Skip to content

Latest commit

 

History

History
113 lines (96 loc) · 2.63 KB

Train-PCN-Models-for-the-Solver.md

File metadata and controls

113 lines (96 loc) · 2.63 KB

Train PCN Models for the Solver

This subsection introduces on the training of Proof Cost Networks.

PCN

Before launching the solver, a PCN model needs to be trained for it.
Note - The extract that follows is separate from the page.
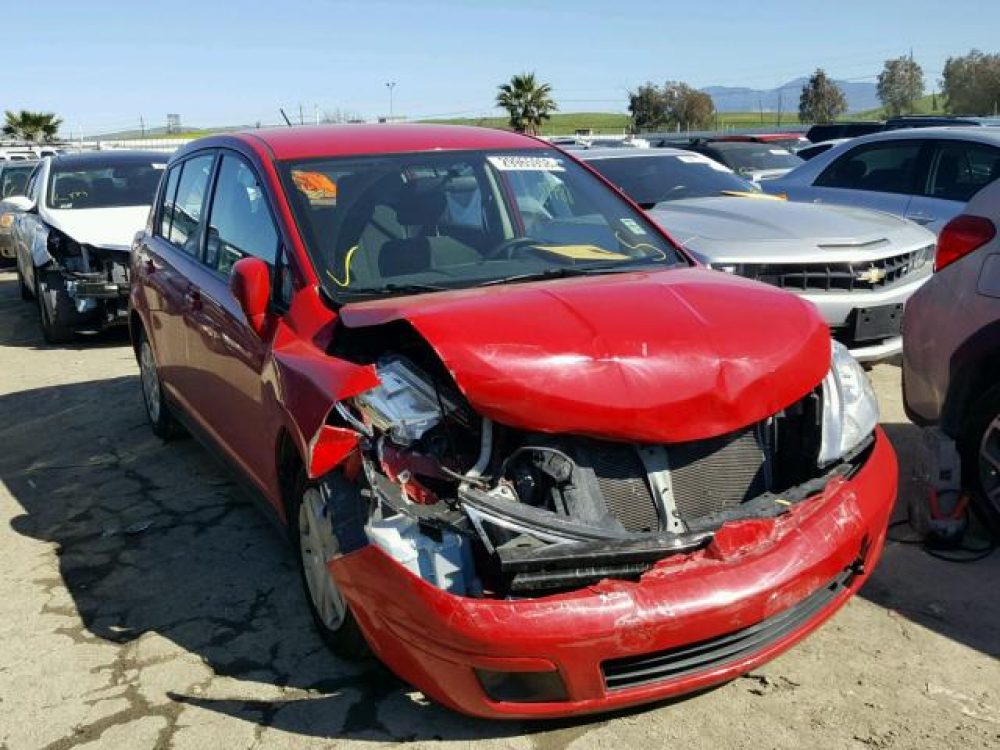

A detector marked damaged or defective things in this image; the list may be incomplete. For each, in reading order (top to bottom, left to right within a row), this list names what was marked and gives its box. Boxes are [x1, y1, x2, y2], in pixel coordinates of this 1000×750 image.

To train a PCN model, we need three process:

  1. zero server
  2. actor
  3. learner

Before start training, we need a config file.
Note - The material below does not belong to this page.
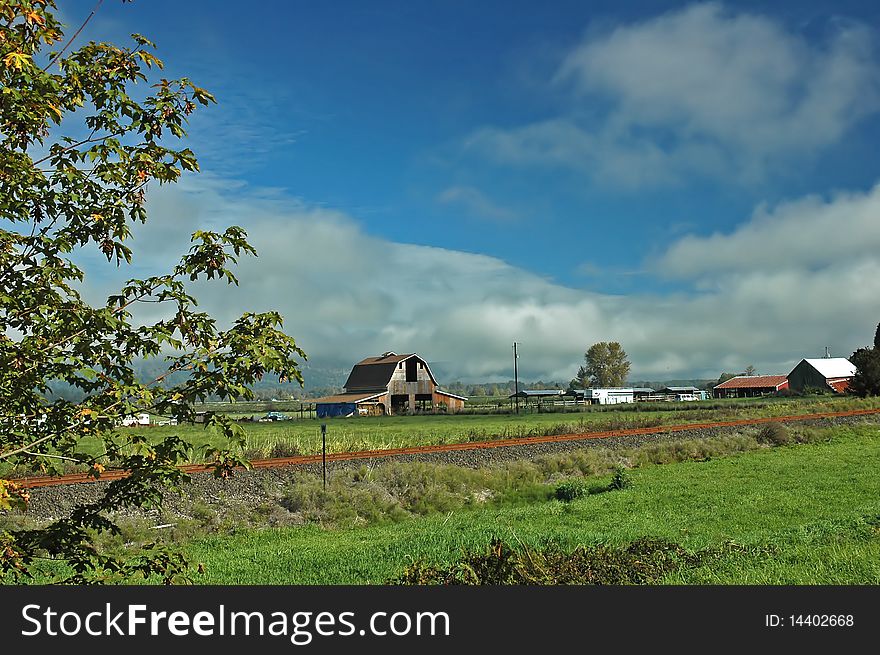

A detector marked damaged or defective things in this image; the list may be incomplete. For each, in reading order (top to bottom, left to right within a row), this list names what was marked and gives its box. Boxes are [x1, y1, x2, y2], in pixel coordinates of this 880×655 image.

rusty rail [13, 408, 880, 490]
  • Config file can be generated by the following command:
./build/killallgo/killallgo_solver -gen {config file name}
  • There are some setting must be changed:
# Program
program_auto_seed=true

# Actor
actor_num_simulation=400
actor_mcts_value_rescale=true
actor_dirichlet_noise_alpha=0.2
actor_resign_threshold=-2
actor_use_random_op=false

# Zero
zero_num_games_per_iteration=2000
zero_actor_ignored_command=reset_actors

# Learner
learner_num_process=6

# Network
nn_num_input_channels=18
nn_input_channel_height=7
nn_input_channel_width=7
nn_num_hidden_channels=256
nn_hidden_channel_height=7
nn_hidden_channel_width=7
nn_num_blocks=3
nn_num_action_channels=2
nn_action_size=50
nn_discrete_value_size=200
nn_board_evaluation_scalar=0

# Environment
env_killallgo_ko_rule=situational

Now we can execute the three process metioned above.

  • Zero Server:
./scripts/zero-server.sh killallgo {config file} {model storage path} {iteration}
# ex
./scripts/zero-server.sh killallgo pcn.cfg /7x7Killallgo/Training/pcn 200
  • Actor:
./scripts/zero-worker.sh killallgo {zero server host} {zero server port} sp
# ex
./scripts/zero-worker.sh killallgo NV27 9999 sp
  • Learner:
./scripts/zero-worker.sh killallgo {zero server host} {zero server port} op
# ex
./scripts/zero-worker.sh killallgo NV27 9999 op

Gumbel PCN

To train a Gumbel PCN, the config file should have something to change.

  • Turn on gumbel:
actor_use_dirichlet_noise=false
actor_use_gumbel=true
actor_use_gumbel_noise=true
  • Gumbel parameters:
actor_num_simulation=32
actor_gumbel_sample_size=16
  • actor_num_simulation: MCTS simulation count
  • actor_gumbel_sample_size: Sequential halving threshold

Random Opening

To train a PCN with random opening, the config file should have something to change.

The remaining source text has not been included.